== WHAT IS EXPECTED ==
Your answer must be the exact lines of the listing below that run from the line with "A large hall" to the line with "Fabric lantern pendant", ends included, and no pictures.
Top of DATA
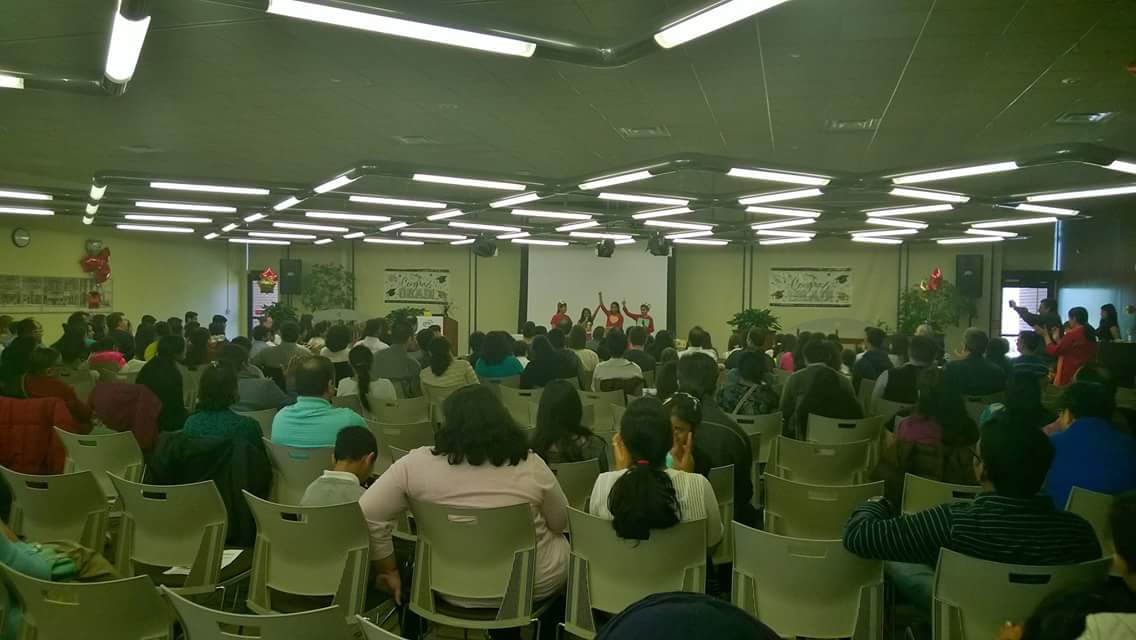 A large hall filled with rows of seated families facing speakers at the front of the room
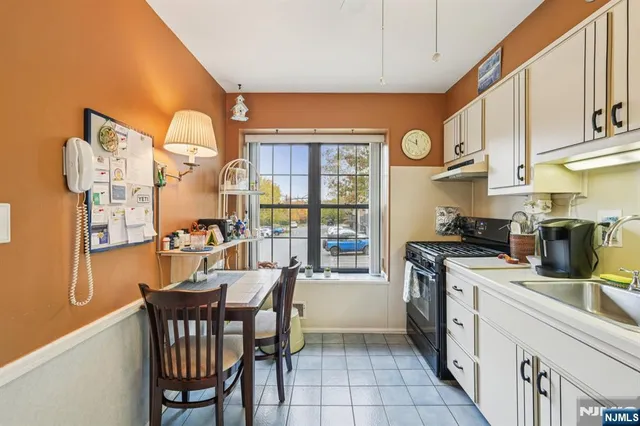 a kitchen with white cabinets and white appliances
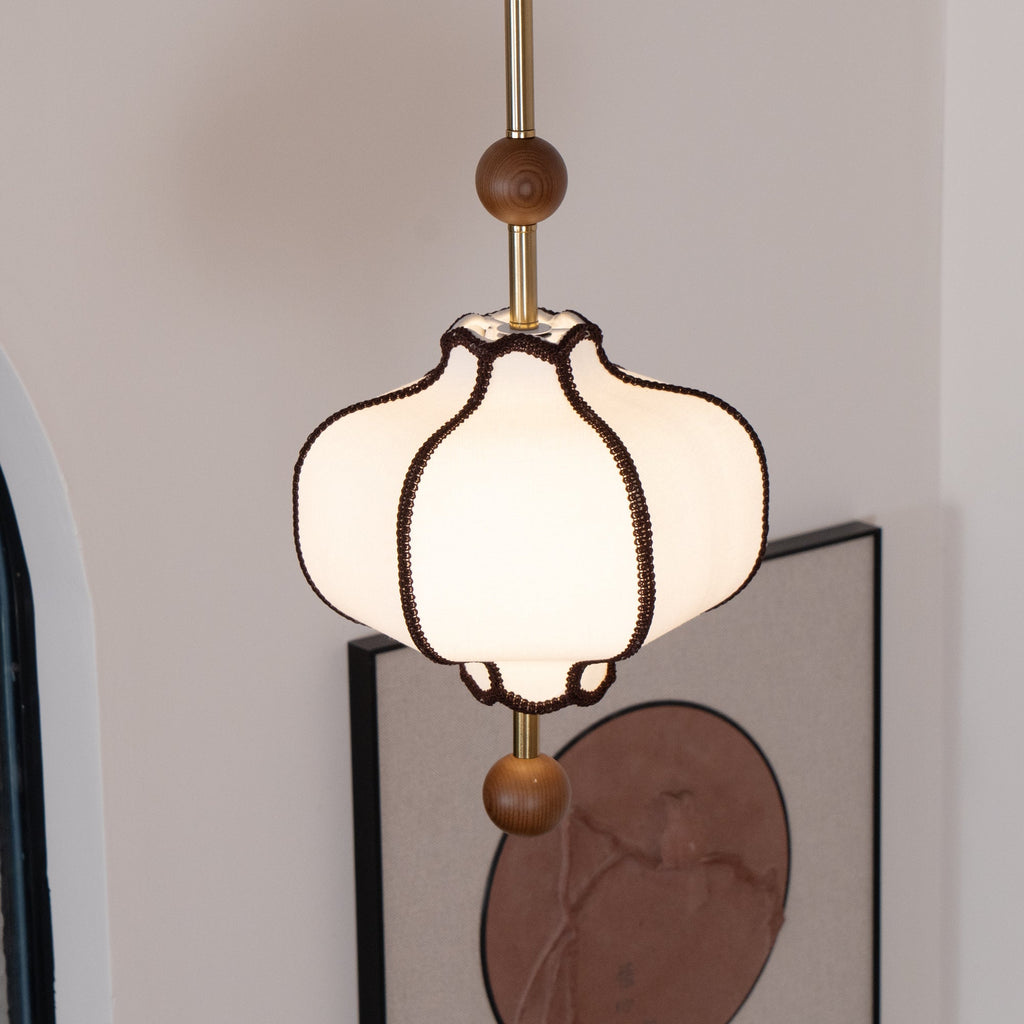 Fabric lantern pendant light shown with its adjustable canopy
Bottom of DATA
Top of DATA
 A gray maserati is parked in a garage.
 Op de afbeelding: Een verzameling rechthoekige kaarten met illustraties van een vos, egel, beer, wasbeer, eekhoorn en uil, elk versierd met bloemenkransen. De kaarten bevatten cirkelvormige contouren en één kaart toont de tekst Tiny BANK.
Bottom of DATA
== RESPONSE TO THE EXERCISE ==
 A large hall filled with rows of seated families facing speakers at the front of the room
 a kitchen with white cabinets and white appliances
 Fabric lantern pendant light shown with its adjustable canopy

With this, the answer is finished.